Search code examples
pythonnumpyunique

Numpy.unique on 3d array with axis=2 but not working as expected


Consider the following code, when axis=2, it should remove the duplicate of [1 1] to [1], but not. I wonder why it doesn't do unique operation on the 3rd axis.

arr = np.array([[[1,1], [1,1], [1,1]],
         [[7,1], [10,1], [10,1]],
         [[1,1], [1,1], [1,1]]])

print(np.unique(arr, axis=0))
print("----------------")
print(np.unique(arr, axis=1))
print("----------------")
print(np.unique(arr, axis=2))

I tried with many other examples, and it still not working on the 3rd axis.


Solution

  • Note this from the documentation (citing help(np.unique)):

    The axis to operate on. If None, ar will be flattened. If an integer, the subarrays indexed by the given axis will be flattened and treated as the elements of a 1-D array with the dimension of the given axis […]

    When an axis is specified the subarrays indexed by the axis are sorted. […] The result is that the flattened subarrays are sorted in lexicographic order starting with the first element.

    So in your case it will try to sort and compare the sub-arrays arr[:, :, 0].flatten() which is [ 1, 1, 1, 7, 10, 10, 1, 1, 1] with arr[:, :, 1].flatten() which is [1, 1, 1, 1, 1, 1, 1, 1, 1].

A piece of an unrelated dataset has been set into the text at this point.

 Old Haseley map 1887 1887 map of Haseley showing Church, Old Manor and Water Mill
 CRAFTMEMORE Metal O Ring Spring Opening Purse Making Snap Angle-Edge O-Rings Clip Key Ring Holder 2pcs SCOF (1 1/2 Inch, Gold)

    These are obviously not the same so no change is made except that the second is sorted before the first in a lexicographical comparison.

    I assume what you wanted it to do is getting rid of the duplicate [1, 1] entries. However, np.unique cannot really work that way because these are arrays not lists. That behavior would result in different number of entries in arr[0] compared to arr[1] and that obviously cannot work.